Went by there around 6:45 tonight and guys were working on the slanted roof areas on each side of the building.....

----------


## SOONER8693

> Went by there around 6:45 tonight and guys were working on the slanted roof areas on each side of the building.....


Let's hope that is a positive sign.

----------


## SoonerDave

> Let's hope that is a positive sign.


Burger King has a strange history in OKC. About ten years ago or so, as I recall, the guy who owned most if not all the Burger King franchises in the metro just shut most if not all of them down. I remember this in particular  because it affected the location on SE 29th in Del City, and there was even a news story about it. For about six months, maybe a year (??), the places were all shuttered, then started reopening more or less out of the blue. I don't know if the guy reopened them, or sold them off to someone else, or if BK took them over, or what.

I must admit that particular BK never strikes me as being very busy, so it wouldn't surprise me if they didn't rebuild or fix the place. When  they really build them the way they're supposed to, a Whopper is a darned good fast-food burger IMHO. I realize its just another fast-food place, but I hope they rebuild this one and keep the options open.

----------


## Robert_M

I think this location benefits the most from its proximity to Westmoore and those sales justify it being open. Most likely the same reason Subway built and Braums is building their locations on Santa Fe with others ~ 2 miles away.

----------


## Zuplar

I was bored today looking to see any new commercial permits for the area, and noticed that there was one for this Burger King and it says they are remodeling it.

----------


## SOONER8693

> I was bored today looking to see any new commercial permits for the area, and noticed that there was one for this Burger King and it says they are remodeling it.


Drove by this location a little bit ago, and scaffolding was up around what had been the indoor playground area.

----------


## Zuplar

> Drove by this location a little bit ago, and scaffolding was up around what had been the indoor playground area.


They updated the one one at I40 and Mustang not too long ago. I'm wondering if they are doing this to all the ones in the metro.

----------


## Bobby821

> They updated the one one at I40 and Mustang not too long ago. I'm wondering if they are doing this to all the ones in the metro.

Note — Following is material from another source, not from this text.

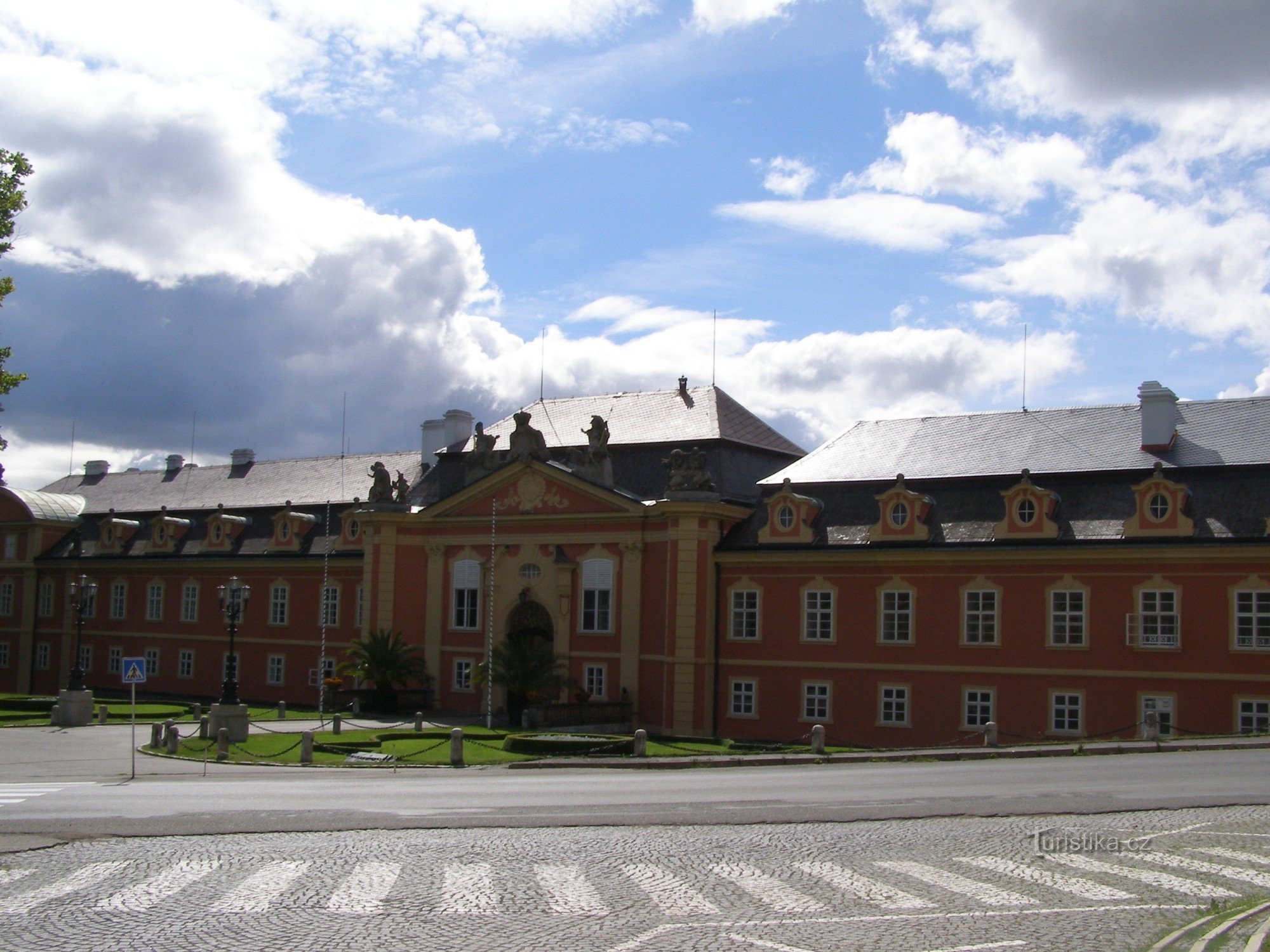 Dobriš slott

Any photos of the updated look? how differn't is it?

----------


## Zuplar

> Any photos of the updated look? how differn't is it?


I don't have any, but it's definitely a newer modern design both inside and out. I've seen the same look from some of their newer stores. Hopefully this image shows up, but it's similar in design to it.

----------


## Bobby821

I prefer the older 70's and 80's style Burger Kings. This new look is awefull

----------


## SOONER8693

Just drove past this location about 30 minutes ago. Lots of workers and tons of activity at the location this morning.

----------


## Roger S

Maybe they are converting it to the rumored White Castle... That would be pretty awesome!

----------


## SOONER8693

They appear to have taken the front part of the building off. Like, eliminated the area that was the enclosed playground.

----------